That would seem to be a deal breaker and there's no forgiving that.
Certainly I could love them and would too...
...from a distance, from that point forward.
With my temperament ? I think not ! LOL. Someone punches me and they're going to get it back one way or the other !
I'd probably break their arm first though. Then maybe I could love him/her.
YES! No "but"s, if I loved them before I would continue to love them.
No, but we are talking about domestic abuse and that goes far deeper than the obvious. I have a friend who appears to pick violent and controlling men, she dates them thinking they are exciting and then they end up covering her in bruises, locking her in her house and taking her away from her family. If you spoke to her you would think she was a strong women who wouldn't tolerate such abuse, but there is something within her that keeps making bad choices. If anyone points this out to her it appears to push her closer to them. Of course to us the whole situation appears nuts. I remember reading a book many years ago I think it was called Difficult Men, and it was about how to live with domestic abusers, which may seem controversial, but since these women do not see things like we do, it offers ways of responding to these type of men to avoid their outbursts. It isn't done in a pleading or begging manner, it is in fact completely the opposite. So if you can get hold of a book that deals with that it might be useful in the interim, at least until she realises like many of the case studies in the book, that their men are just not wired right. Somehow changing their behaviour empowers them, and even though they may do it in order to avoid violence and stay with their partner, it might actually encourage them to leave. Of course you also have the women that are just too frightened to leave, believing that the police or anyone cannot protect them from their partner.
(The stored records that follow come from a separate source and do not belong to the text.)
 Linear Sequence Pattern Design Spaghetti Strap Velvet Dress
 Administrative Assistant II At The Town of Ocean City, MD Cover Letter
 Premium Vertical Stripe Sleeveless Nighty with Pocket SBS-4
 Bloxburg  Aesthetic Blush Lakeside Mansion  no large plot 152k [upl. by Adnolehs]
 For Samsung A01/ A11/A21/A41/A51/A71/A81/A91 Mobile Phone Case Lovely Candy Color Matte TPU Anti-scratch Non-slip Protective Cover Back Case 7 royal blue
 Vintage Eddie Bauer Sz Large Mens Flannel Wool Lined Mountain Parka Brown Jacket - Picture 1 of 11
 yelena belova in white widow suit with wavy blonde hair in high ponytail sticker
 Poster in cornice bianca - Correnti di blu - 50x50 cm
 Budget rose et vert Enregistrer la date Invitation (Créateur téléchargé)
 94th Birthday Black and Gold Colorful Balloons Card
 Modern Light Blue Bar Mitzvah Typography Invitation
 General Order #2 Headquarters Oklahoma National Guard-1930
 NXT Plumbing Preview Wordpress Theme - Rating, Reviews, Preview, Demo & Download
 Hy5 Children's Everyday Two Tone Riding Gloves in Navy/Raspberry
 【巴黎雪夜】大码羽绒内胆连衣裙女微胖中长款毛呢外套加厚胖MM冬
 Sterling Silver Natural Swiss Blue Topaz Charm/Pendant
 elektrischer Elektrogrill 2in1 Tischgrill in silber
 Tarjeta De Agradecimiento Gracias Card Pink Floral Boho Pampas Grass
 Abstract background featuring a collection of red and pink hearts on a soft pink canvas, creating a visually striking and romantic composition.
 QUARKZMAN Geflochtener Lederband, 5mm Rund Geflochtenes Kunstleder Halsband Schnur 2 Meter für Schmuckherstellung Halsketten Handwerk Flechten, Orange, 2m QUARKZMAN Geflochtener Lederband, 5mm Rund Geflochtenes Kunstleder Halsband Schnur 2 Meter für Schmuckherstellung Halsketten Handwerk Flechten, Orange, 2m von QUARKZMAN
Right after I had made sure that they had shared my pain.
I'd do the same thing to them and if they can love me then sure.
Intentionally? Maybe after the apologized once they got out of the hospital. (I am quick to defend myself.) And if I did, it wouldn't matter as I would no longer be in a relationship with them.
No, probably not.
And I would probably give them a "Warning"
Before I strike them down to the firery pits of hell!
no that's just mean to punch someone in the mouth.